Task objective:
Please return every line of the material verbatim and skip any images.

Given information:

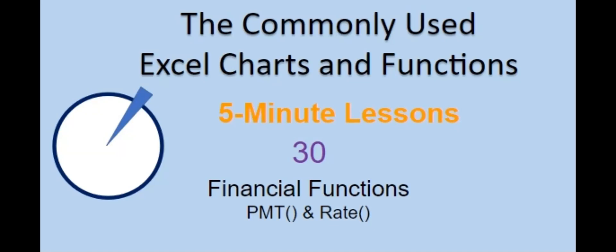Welcome back to the commonly used Excel Charts and Functions video series. Today in Lesson 30, we will cover two financial functions, payment and rate.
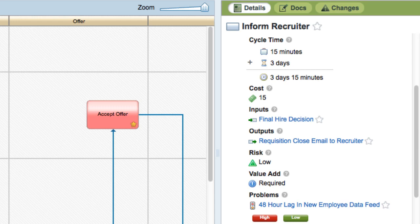You can track detailed properties like cycle time, cost, risk, and problems, among others.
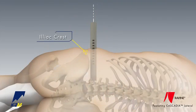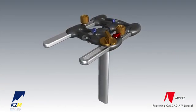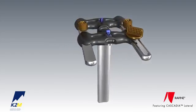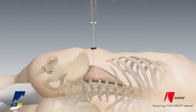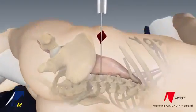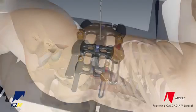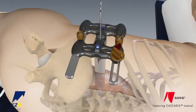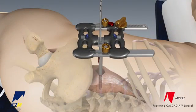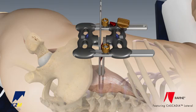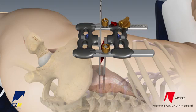Blade length is determined by any one of the dissectors in relation to the skin level. Once the Ravine Lateral Access retractor is assembled with the appropriate sized blades, the dissector is removed. The retractor is introduced into the same safe corridor by capturing the guide wire in one of the 6 desired blade channels. The Ravine Lateral Access retractor is then rotated 90 degrees so the orientation of the blades is in line with the end plates.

Reply to the task:
Welcome back to the commonly used Excel Charts and Functions video series. Today in Lesson 30, we will cover two financial functions, payment and rate.
You can track detailed properties like cycle time, cost, risk, and problems, among others.
Blade length is determined by any one of the dissectors in relation to the skin level. Once the Ravine Lateral Access retractor is assembled with the appropriate sized blades, the dissector is removed. The retractor is introduced into the same safe corridor by capturing the guide wire in one of the 6 desired blade channels. The Ravine Lateral Access retractor is then rotated 90 degrees so the orientation of the blades is in line with the end plates.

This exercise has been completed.